===== Entries supplied
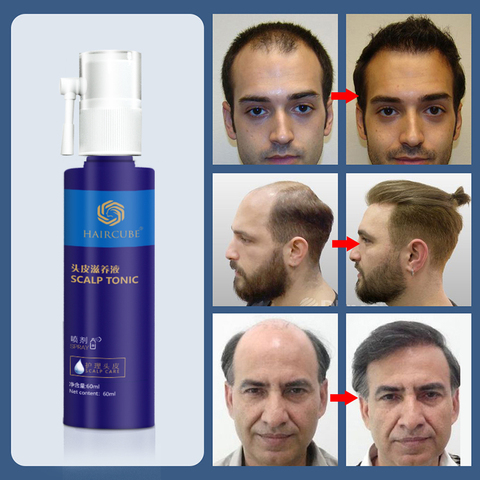 REAGAIN prevenir la pérdida de cabello productos para el crecimiento del cabello esencia crecer restauración ► Foto 1/6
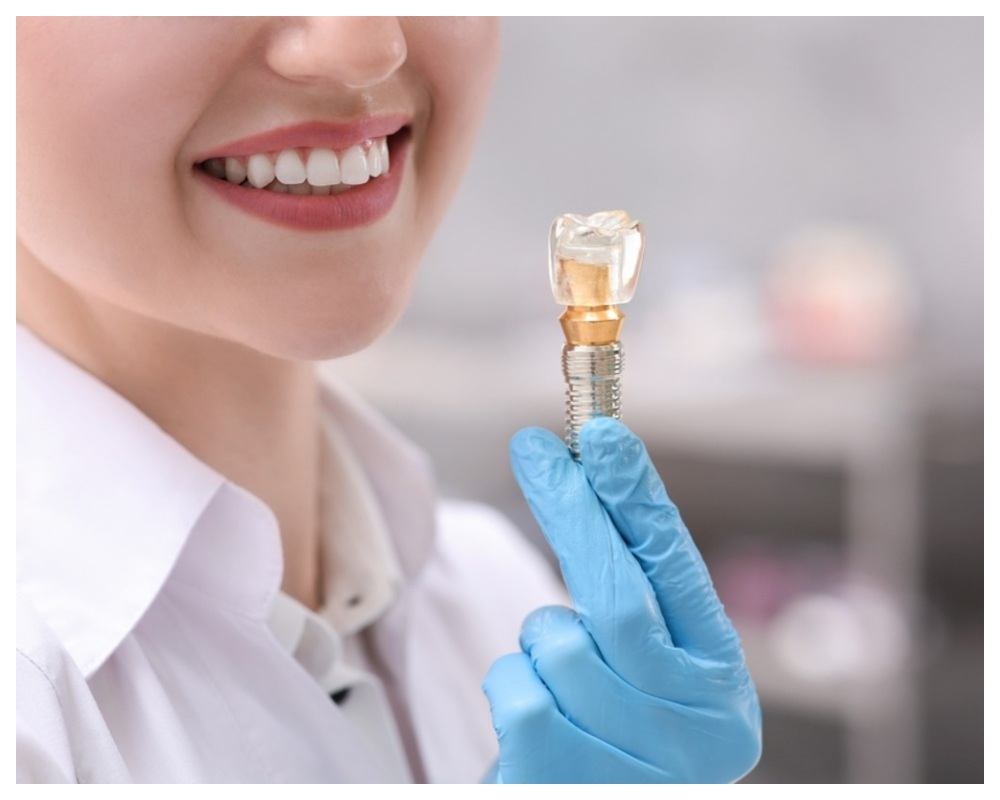 Nha Khoa Quốc Tế Sài Gòn Tác hại tiềm ẩn bạn cần biết của việc cấy ghép Implant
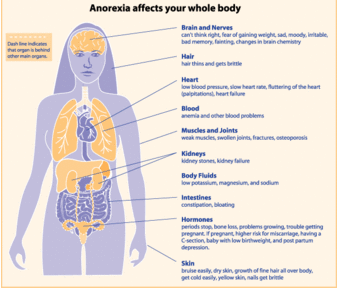 Anorexia
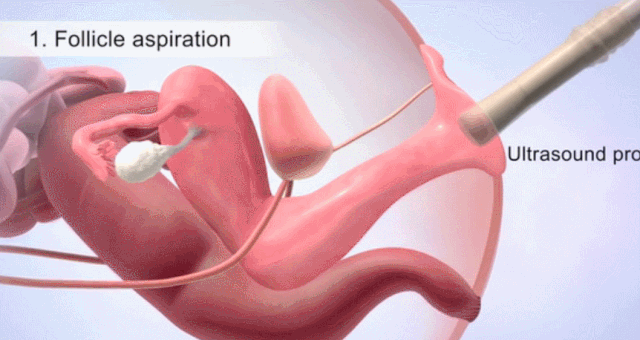 真实拍摄丨揭秘试管婴儿全过程看着都痛真的好心疼女人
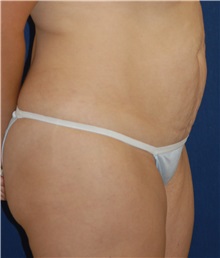 Tummy Tuck Before Photo by Michael Eisemann, MD; Houston, TX - Case 27541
==========
What is needed:
No pictures belong in the copy; output every record exactly.

Exercise result:
 REAGAIN prevenir la pérdida de cabello productos para el crecimiento del cabello esencia crecer restauración ► Foto 1/6
 Nha Khoa Quốc Tế Sài Gòn Tác hại tiềm ẩn bạn cần biết của việc cấy ghép Implant
 Anorexia
 真实拍摄丨揭秘试管婴儿全过程看着都痛真的好心疼女人
 Tummy Tuck Before Photo by Michael Eisemann, MD; Houston, TX - Case 27541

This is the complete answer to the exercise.